Search code examples
azureazure-data-factoryadfs

How to do two step sorting based on condition in dataflow ADF


I am working on ADF data flow and I am trying to implement a logic for two step sorting in my source data. The requirement is like, I have 1 primary key and 2 date columns : example- id, date1 and date2 Requirement- (i) if there is duplicate data with same id in source file then the row which has maximum date1 should be picked else, (ii) if there is duplicate data with same id and if the date1 is also same for them then the row which has maximum date2 should be picked and sent to output.

I tried giving two sorting one after another in Aggregate stage but currently I am getting random values from both duplicate rows which is wrong.

Can anyone help me to get this requirement? Thank you


Solution

  • In order to get the maximum date1 for the same ids and maximum date2 for same id,date1 combination, you have to first get the max date2 value for the same id and date1. Then check for the maximum date1 for id column. Below is the detailed approach.
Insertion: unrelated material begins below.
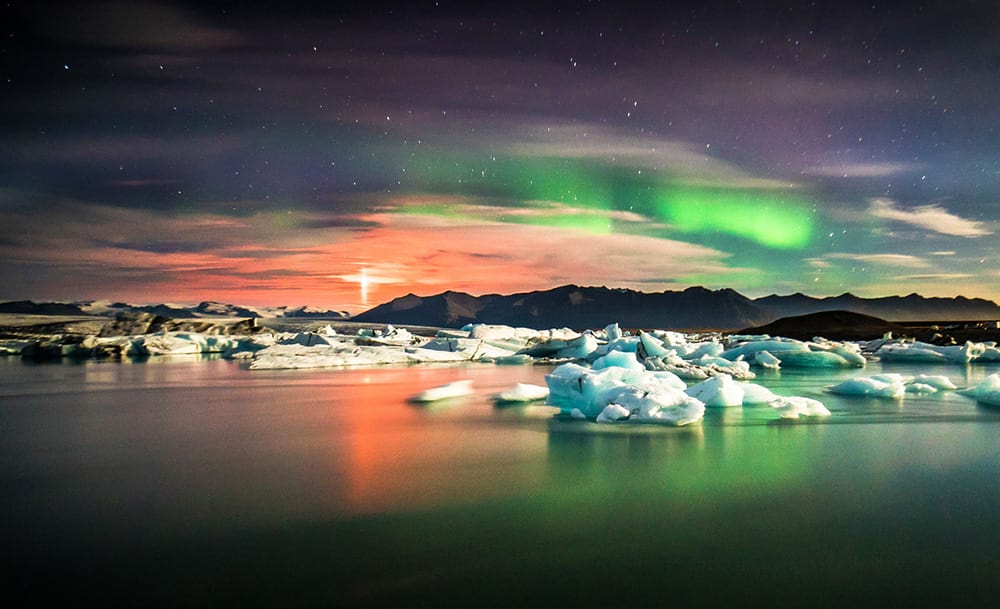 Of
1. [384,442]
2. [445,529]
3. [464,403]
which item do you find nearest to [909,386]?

    1. Use a Source transformation to read the data from your source file.

    Sample input

    id date1 date2
    1 2023-01-01 2023-01-03
    1 2023-01-02 2023-01-02
    2 2023-01-02 2023-01-01
    2 2023-01-02 2023-01-02

    The sample input that is taken has three columns: id, date1, and date2.
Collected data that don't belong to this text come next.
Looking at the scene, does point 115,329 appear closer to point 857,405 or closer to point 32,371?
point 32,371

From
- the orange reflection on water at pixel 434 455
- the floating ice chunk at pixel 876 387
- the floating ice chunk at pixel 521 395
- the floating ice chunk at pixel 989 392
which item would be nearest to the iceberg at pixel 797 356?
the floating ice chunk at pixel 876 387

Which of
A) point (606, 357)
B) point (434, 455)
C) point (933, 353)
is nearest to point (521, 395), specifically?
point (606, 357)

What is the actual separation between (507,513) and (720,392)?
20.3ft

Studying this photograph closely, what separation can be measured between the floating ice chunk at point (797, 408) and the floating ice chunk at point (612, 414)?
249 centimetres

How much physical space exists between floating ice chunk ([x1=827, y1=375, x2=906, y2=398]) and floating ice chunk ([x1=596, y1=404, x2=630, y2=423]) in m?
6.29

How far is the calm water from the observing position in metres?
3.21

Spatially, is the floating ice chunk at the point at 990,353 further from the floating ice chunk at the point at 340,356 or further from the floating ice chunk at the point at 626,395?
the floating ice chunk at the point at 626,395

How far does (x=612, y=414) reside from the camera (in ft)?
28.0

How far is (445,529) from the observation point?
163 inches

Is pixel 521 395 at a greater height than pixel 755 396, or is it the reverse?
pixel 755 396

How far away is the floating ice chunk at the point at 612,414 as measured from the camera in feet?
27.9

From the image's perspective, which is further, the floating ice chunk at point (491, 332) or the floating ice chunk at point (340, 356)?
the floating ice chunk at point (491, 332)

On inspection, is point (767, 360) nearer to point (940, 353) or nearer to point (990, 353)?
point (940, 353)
    1. Use an Aggregate transformation to group the data by the id and date1 columns and calculate the maximum value of date2 for each group. This will ensure that for each id and date1 combination, you get the maximum value of date2. You can use the following expression in the Aggregate transformation:

      groupBy(id, date1),
      date2 = max(date2) 
      

    gif1

    The output of this transformation will have three columns: id, date1, and date2 (max value of date2).

    id date1 date2
    1 2023-01-01 2023-01-03
    1 2023-01-02 2023-01-02
    2 2023-01-02 2023-01-02
    1. Use another Aggregate transformation to group the data by the id column and calculate the maximum values of date1 for each id group. This will ensure that for each id, you get the maximum values of date1. You can use the following expression in the Aggregate transformation:

      groupBy(id),
      date1 = max(date1)
      

    gif1

    id date1
    1 2023-01-02
    2 2023-01-02
    • Then use the Join transformation to join the output of the two Aggregate transformations based on the id and date1 columns.

    gif1

    • Use the select transformation to select the id, date1, and date2 columns from the output of the Join transformation and remove duplicate fields.
    id date1 date2
    1 2023-01-02 2023-01-02
    2 2023-01-02 2023-01-02

    This will ensure that you get the rows that satisfy your two-step sorting logic.